I'd say that you should use your discretion. If it seems reasonable to ask, ask. If it seems like your request is a bit much and the fish are of a type where most look the same, don't ask. That said, with the two BAs near me I've gone back to exchange defective fish at each location and had few problems doing so. One fish was missing an eye and one fish was ... the wrong fish... lol. Just take it back within the 5 days and bring your receipt. As we can all attest to, looking at fish through the bag is not reliable and it can be hard to follow what is being caught by another person sometimes too. 

When I used to buy fish from the LFS I generally just asked for robust, healthy looking specimens and nothing that was easy to catch. The only time I can remember doing picksies was on guppies with the exception of asking for m/f ratios if I wanted to breed them. I always appreciate when people make things easier for me in my fishroom so I like to return the favor if I'm in someone else's. 

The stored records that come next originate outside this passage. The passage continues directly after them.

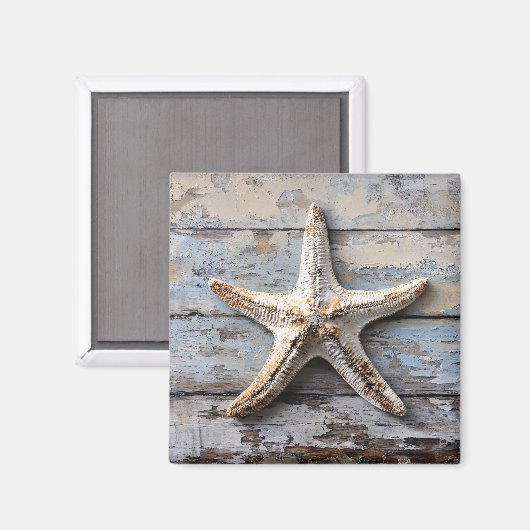 Rustikaler Starfish auf gewittertem Holz Magnet (Vorderseite/Rückseite)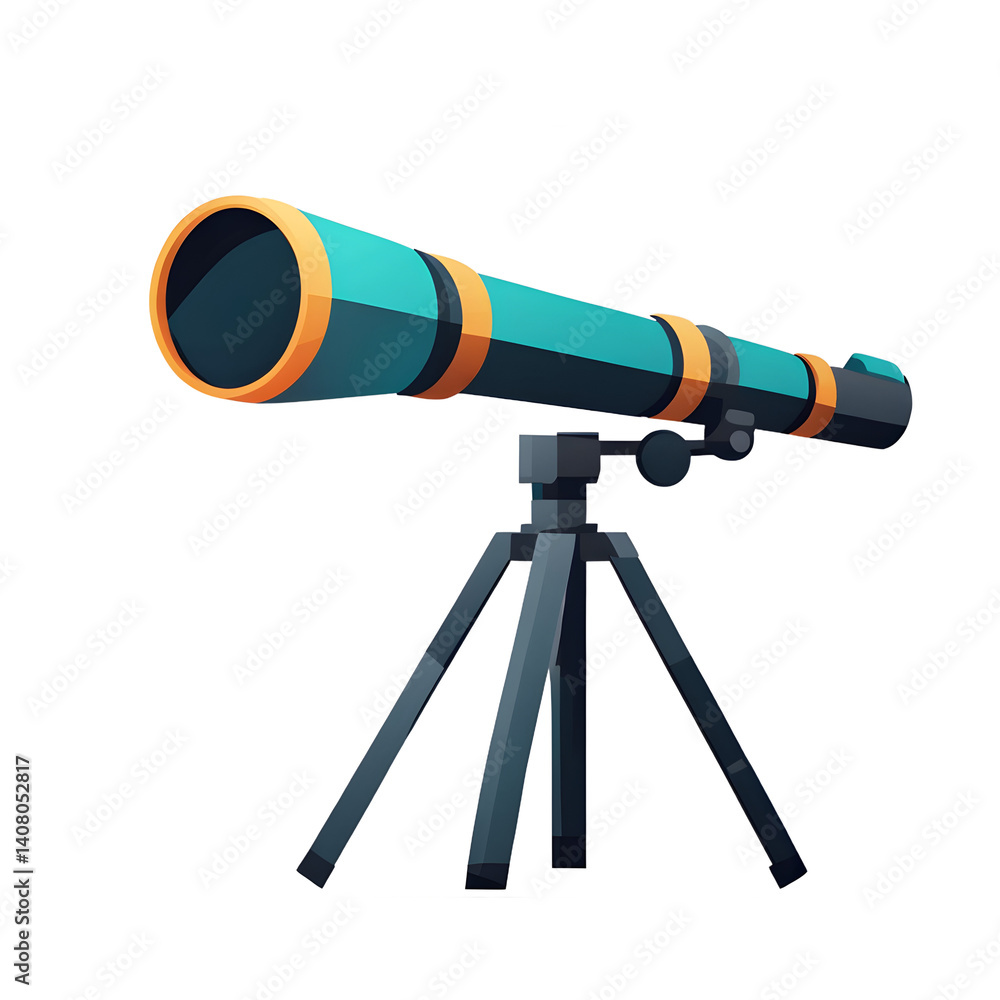 Poster Modern design icon of a telescope symbolizing space exploration isolated on a empty plain background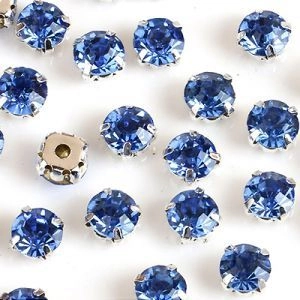 Стразы в цапах (шатоны) Light blue в серебряном цапе 4мм 20шт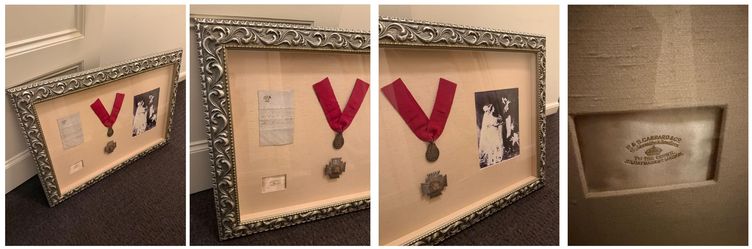 Framed Antique Medal, Photo & Letter Display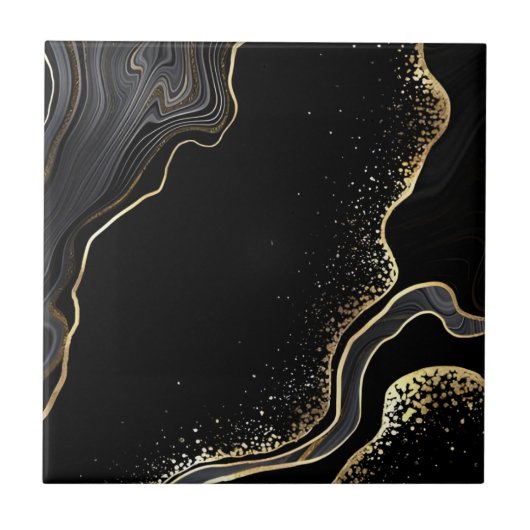 黒と金ゴールドの床タイル タイル (正面)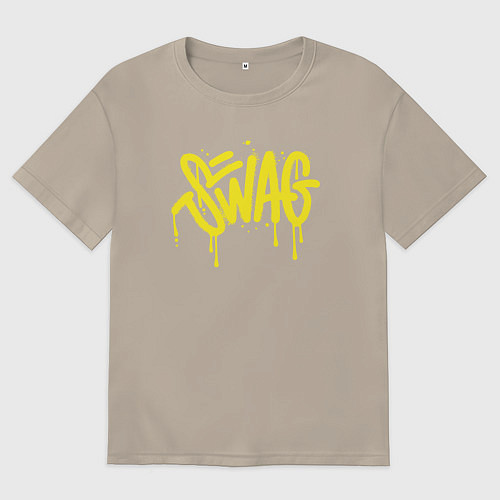 Мужская футболка оверсайз Swag / Миндальный – фото 1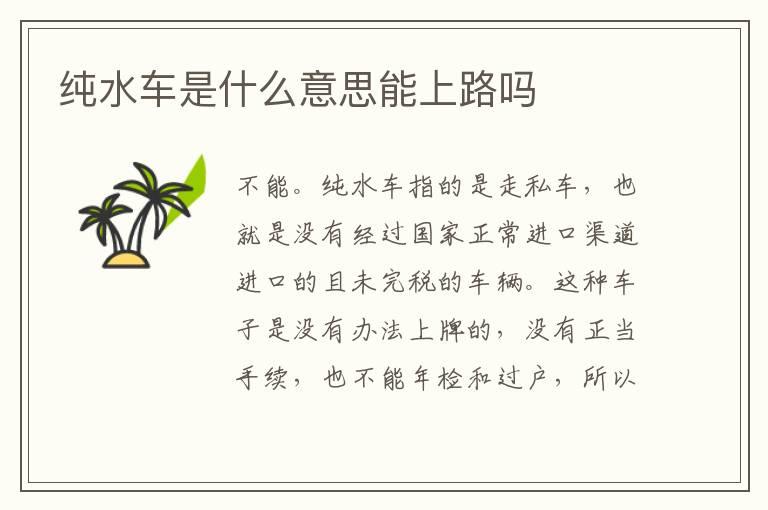 纯水车是什么意思能上路吗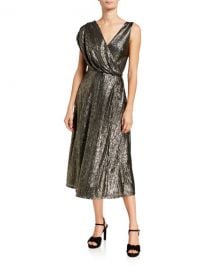 Alice   Olivia Roxy Front-Drape Midi Dress at Neiman Marcus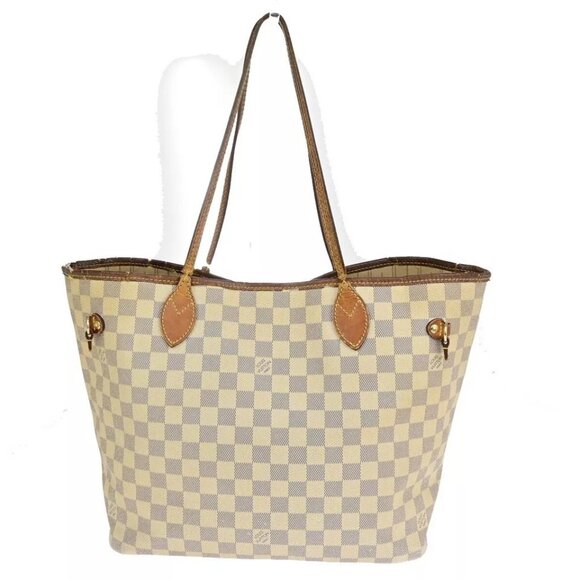 LOUIS VUITTON Neverfull MM Shoulder Tote Bag Damier Azur White - Picture 1 of 16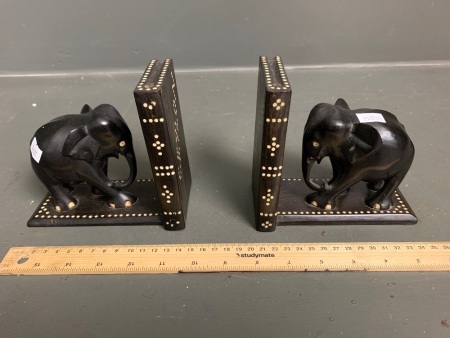 Pair Vintage Carved Ebony Elephant Bookends with Bone Inlay from Ceylon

In the end though, you really shouldn't buy fish from BAs


----------



## BettaBeats (Jan 14, 2010)

I was very picky about my CRS shrimps.. lol, when they almost all looked the same


----------



## pat3612 (Jan 29, 2008)

Since we do not have many stores in Barrie I buy from BigAls I deal mainly with the person in charge of the fish room. I know what days he works and what hours. He usually asks me what fish I want but since I trust him I usually let him pick. If I do have a problem he will swap me for a different fish at no charge. Ive been dealing there for quite a while now and have only had 1 fish die.


----------



## ar1_pyroboy (Jun 20, 2009)

Well the poor little guy died just now. It wasn't that expensive, so I doubt I'd go back to the store just to get a refund. Oh well, live and learn I guess.


----------



## BettaBeats (Jan 14, 2010)

ar1_pyroboy said:


> Well the poor little guy died just now. It wasn't that expensive, so I doubt I'd go back to the store just to get a refund. Oh well, live and learn I guess.


Just mention it next time you are in there. If it is a reputable LFS maybe they might give you a bit of a discount. I do know that harlequin rasboras look all the same when there are lots in a tank. I grabbed 6 once and when I got home I saw one was sickly. It died soon after.

But for 2.99 I couldn't be bothered. Lesson learned - be picky! Even if they are busy, you are the customer and it is your money!


----------



## Will (Jul 24, 2008)

On the other hand, 2.99 can be considerable if you intend to eventually have 100 fish in the tank. A few losses can add up to a fair sum, so I'm a stickler for getting my moneys worth.


----------



## Cory (May 2, 2008)

Will Hayward said:


> On the other hand, 2.99 can be considerable if you intend to eventually have 100 fish in the tank. A few losses can add up to a fair sum, so I'm a stickler for getting my moneys worth.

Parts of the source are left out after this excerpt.